I am going to be leaving for a year and a half the first of august so I have only 7 days to get this started. My wife just told me she needs a hobby while I am gone and she wants to get into reloading so she can reload as many rounds as she can for me while I am gone. I have a friend that is going to get her started safely. So i need to know what kit i should get. I have quite a bit of money saved up so money is no problem. I want to be able to take over when I get back and I don't want to start out cheap I want to start out with what I will want after several years of reloading experience. Thanks for any help you can give.


----------



## Savage260 (Oct 21, 2007)

Take a look at the Hornady Classic lock and load kit. It is great!


----------



## huntin1 (Nov 14, 2003)

I would also suggest looking at the RCBS Rockchucker Supreme Master Reloading Kit.

huntin1


----------



## xdeano (Jan 14, 2005)

I'd second the Rockchucker supreme, it's a solid press.

xdeano


----------



## utahhunter1 (May 3, 2009)

Thanks for the replies guys i really apreciate it alot. Are there any advantages or disadvatages that either of the two that were suggested have over the other.
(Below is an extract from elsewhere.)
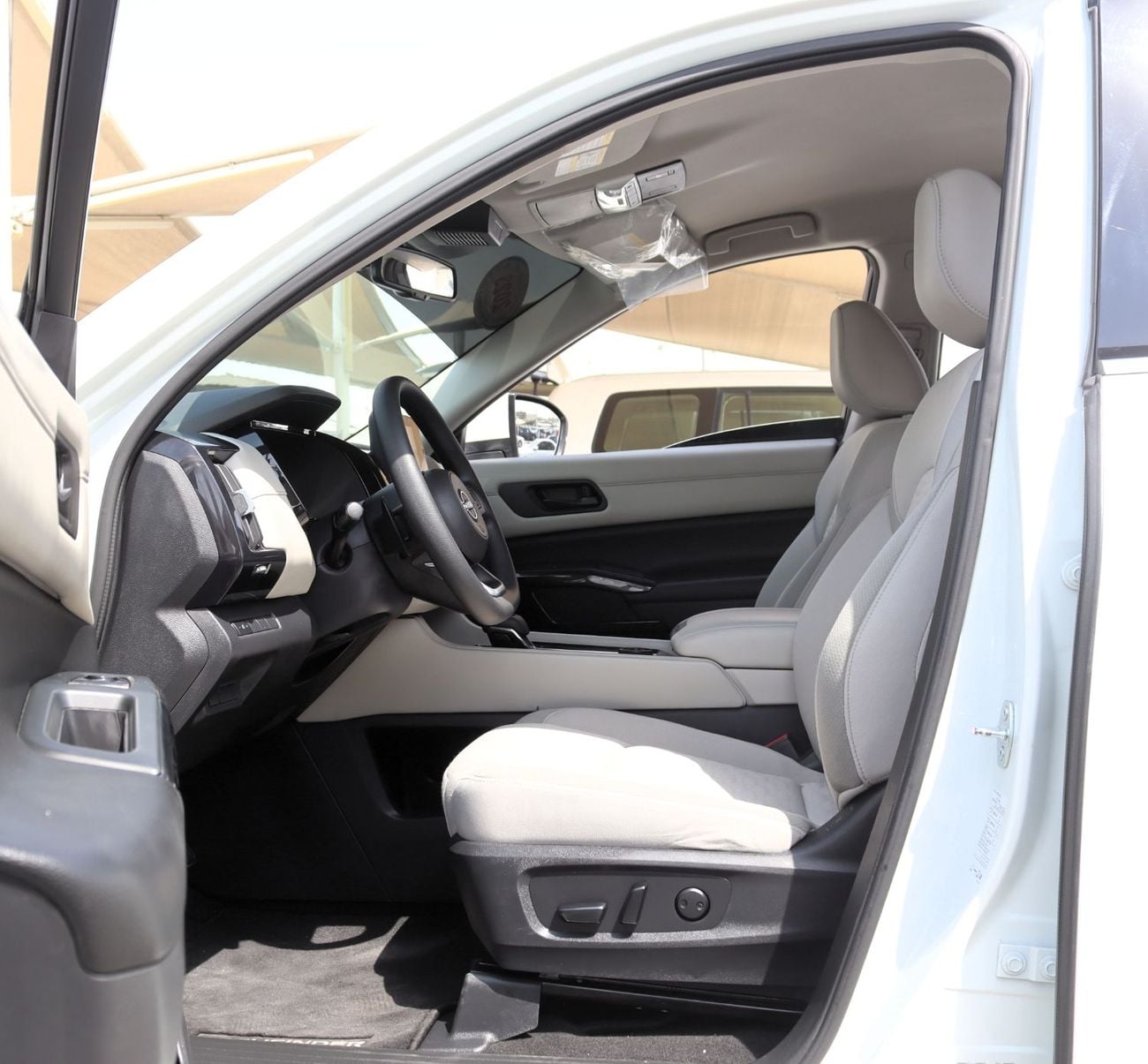 Nissan Pathfinder SV ACCIDENTS FREE - GCC- ORIGINAL PAINT - 4WD - PERFECT CONDITION INSIDE OUT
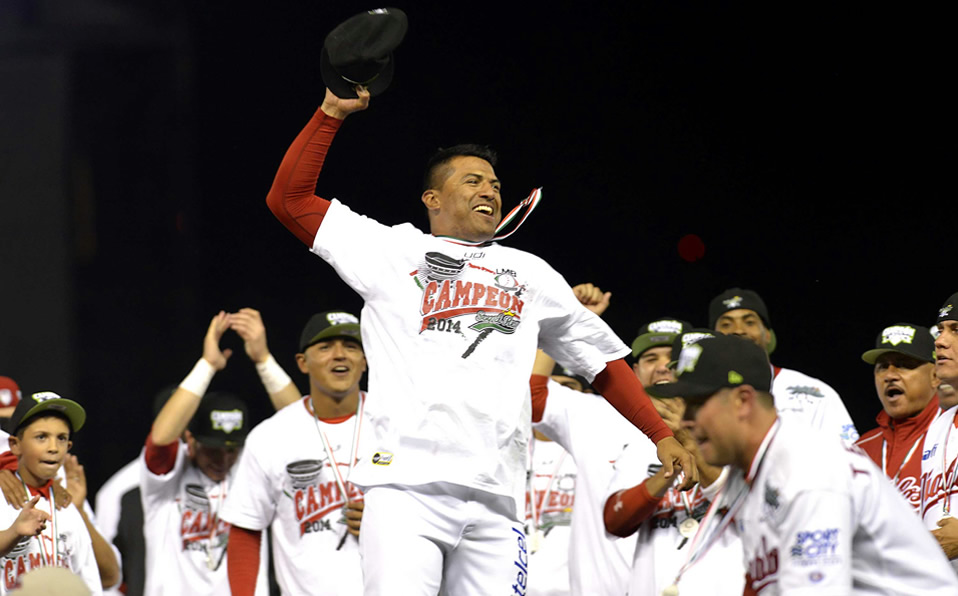 Ojeda fue catcher del equipo 14 temporadas y fue manager del título 16. (Foto: Cortesía)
Im trying to reasearch this but the computer im on has about every site on the internet blocked but this one.


----------



## huntin1 (Nov 14, 2003)

They are pretty comparable, either will do the job nicely for you. I just prefer RCBS.

huntin1


----------



## iwantabuggy (Feb 15, 2005)

utahhunter1 said:


> My wife just told me she needs a hobby while I am gone and she wants to get into reloading so she can reload as many rounds as she can for me while I am gone. I have a friend that is going to get her started safely.


Sounds a little scary to me. :splat: I am sure the bonds are strong between you and your wife, but I can't think of a single woman I'd trust to do it and do it well. And it does need to be done well. Hope it doesn't end up being a mistake.


----------



## huntin1 (Nov 14, 2003)

May not be true for everyones wife, but if I showed my wife what to do she would likely do a better job than I, she's a lot pickier. 

huntin1


----------